Her smile turned wistful, and against Logan's every assumption of the little old woman who lived alone stereotype, she stepped aside, smiling at them, "I always do enjoy talking about them, even with strangers. Please, come in."
"Them?" Jean asked, helping Charles over the doorframe.
They sat in the living room, but Logan refused the woman's offer. He'd killed her daughter. He wasn't about to sit on her flowered cloth sofa.
"Sarah and Maia. My girls." She answered Jean's question belatedly, gesturing to a family picture on the wall beside Logan, and he stared at it, completely enamored.
Leslie and a man were seated, surrounded by their five children, presumably in birth order. A man in his mid twenties stood on the far left with a woman of similar age to the right of him with cold features and her mother's inky hair, next to them were two other boys, who both looked just like their father. On the far right, much smaller than the rest, was a younger Maia, the only one who wasn't looking at the camera, her eyes fixed to some point far above the photographer's right shoulder.
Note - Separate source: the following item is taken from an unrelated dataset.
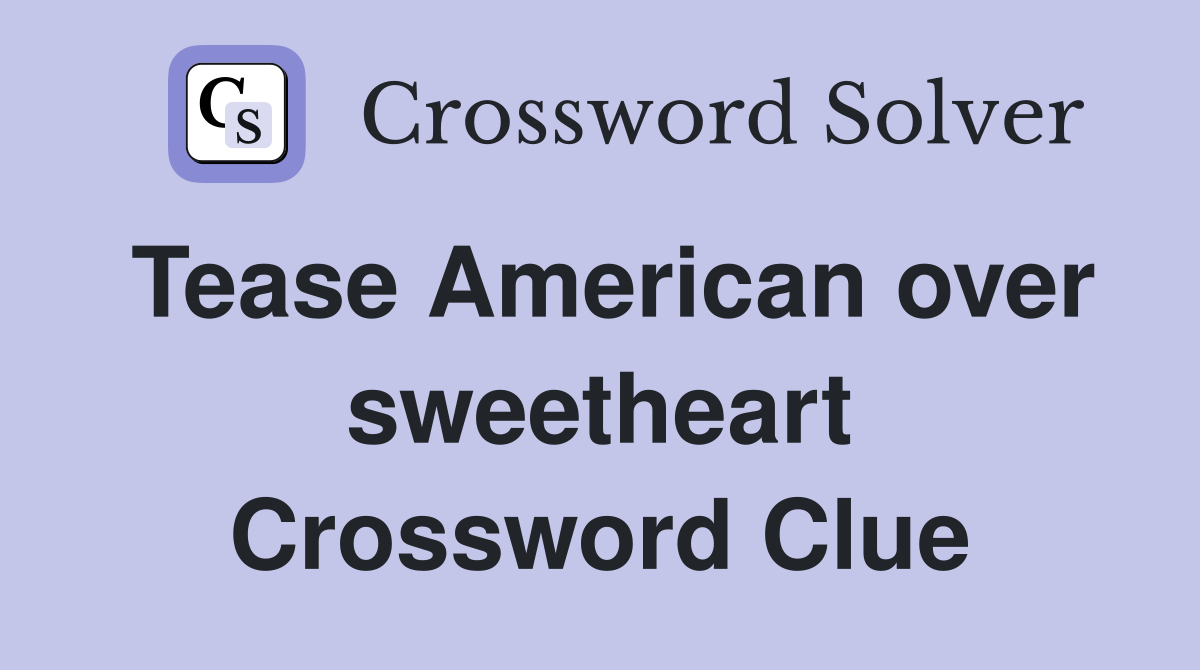 Tease American over sweetheart Crossword Clue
Logan nearly popped his claws out when the old woman put a hand on his arm, suddenly across the room and at his side, "That's my Maia. She was beautiful. I was never good at raising girls. I never seemed to be what both of them needed, they both always seemed unhappy. And now they're gone."
"Gone?" Logan asked before he could stop himself.
She nodded, letting out a ragged breath, "Maia was a teenager. Sarah died in a lab explosion where she worked about five years ago. It's just me and my three boys now, though Louis rarely comes to visit anymore." She laughed shortly, "My worst fear fifteen years ago was when Thomas mentioned he wanted to join the navy. That was the last picture we took as a family. Now Thomas is missing half his left pinky and both my girls are dead."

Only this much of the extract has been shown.